Anyone who puts other relationships ahead of following Jesus cannot be his disciple (Lk 14:26). Anyone who puts their hand to the plow and keeps looking back is not fit for the kingdom (Lk 9:62). Anyone who does not count the cost before embarking on a new venture will often fail (Lk 14:28-30). Anyone who allows the worries, riches, and pleasures of this life to dominate them will never bear fruit (Lk 8:14). Anyone who perpetually practices sin will get entangled and enslaved (Jn 8:34-36; Heb 12:1-2; 1 Jn 1:6-10, 5:18).

Your house churches today, therefore, must focus like a laser beam on the specific task God has for them. You must never allow the good things in life to replace the God things in life. You must sweep aside anything that would slow you down. You must run the race to win.

Personal Calling

Some house church believers have not been genuinely called by the Spirit to get involved in this new, yet ancient, way of being the church. Maybe they are just looking for quick church growth results. Maybe they just want to follow the latest Christian trend. Maybe they just want a platform for their personal ministry. Maybe they are just reacting to past emotional hurts from institutional churches. Maybe they are just looking for a comfortable fellowship to belong to. But, there is a better way! House churches should gently encourage their members to do some real soul searching before God to figure out if they really should be involved at all.

Noah was called to help save a remnant from the flood of judgment (Gen 6:13-22). Moses was called to help deliver the Hebrews from Egyptian slavery (Exod 3:10). Gideon was called to deliver God’s people from the Midianites (Judges 6:14). Jesus was called to rescue the world from the spiritual darkness of sin by his sacrificial death on the cross (John 3:16). Paul was called to be the chief apostle to the Gentiles (Acts 9:15-17, 13:1-3). And only because they were genuinely invited by the Spirit to put their hand to the task did they fulfill their mission.

Your house churches today, therefore, must be 100% sure that the Spirit has truly summoned them personally to do what they are doing. If you are unsure at all, you may indeed be messing things up. So, you had better get into our proverbial prayer closets and stay there until you get an answer one way or another. Only then will you be able to endure the trials and accomplish the tasks that lay ahead.
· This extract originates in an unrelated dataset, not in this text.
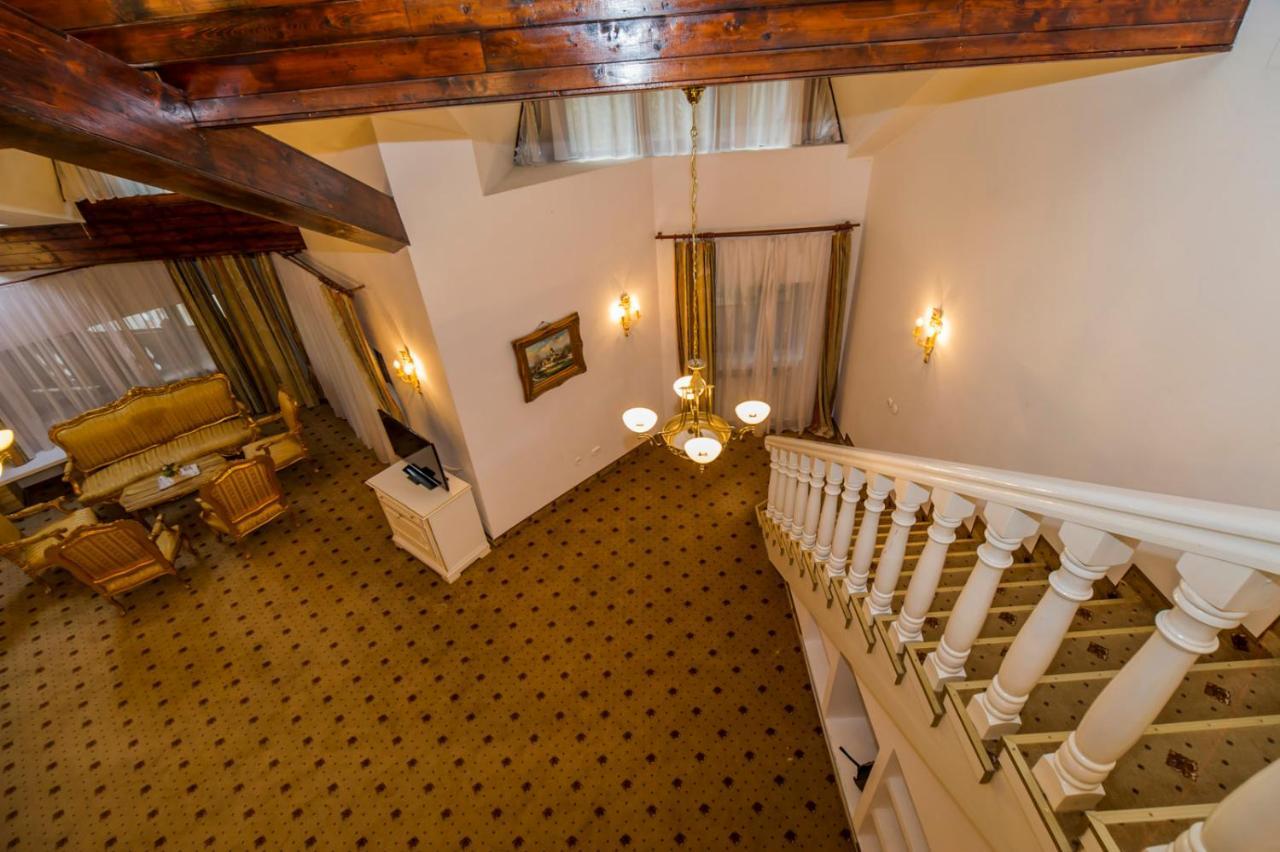 Vila Miorita Poiana Brasov Exterior photo
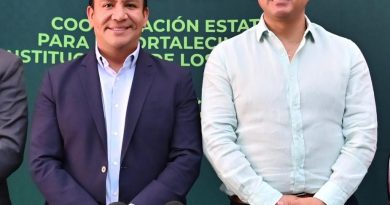 GOBIERNO ESTATAL CAPACITA A AYUNTAMIENTOS PARA FORTALECER FINANZAS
Thanks again for the privilege of writing this letter to your national network of house churches in the Philippines. My hope is that God will use this meager offering and magnify it to help spiritually feed your emerging house churches, in the same way Jesus greatly multiplied the humble offering of a few fish and some bread brought to him. If I may be bold, may I say that I believe you must seriously consider and prayerfully implement these factors, among other things, to see God’s grand purposes accomplished in your country through the simple, organic, house church movement today. May Jesus Christ continue to get his spotless Bride ready in your nation and allow you to have victory in his holy revolutionary struggle!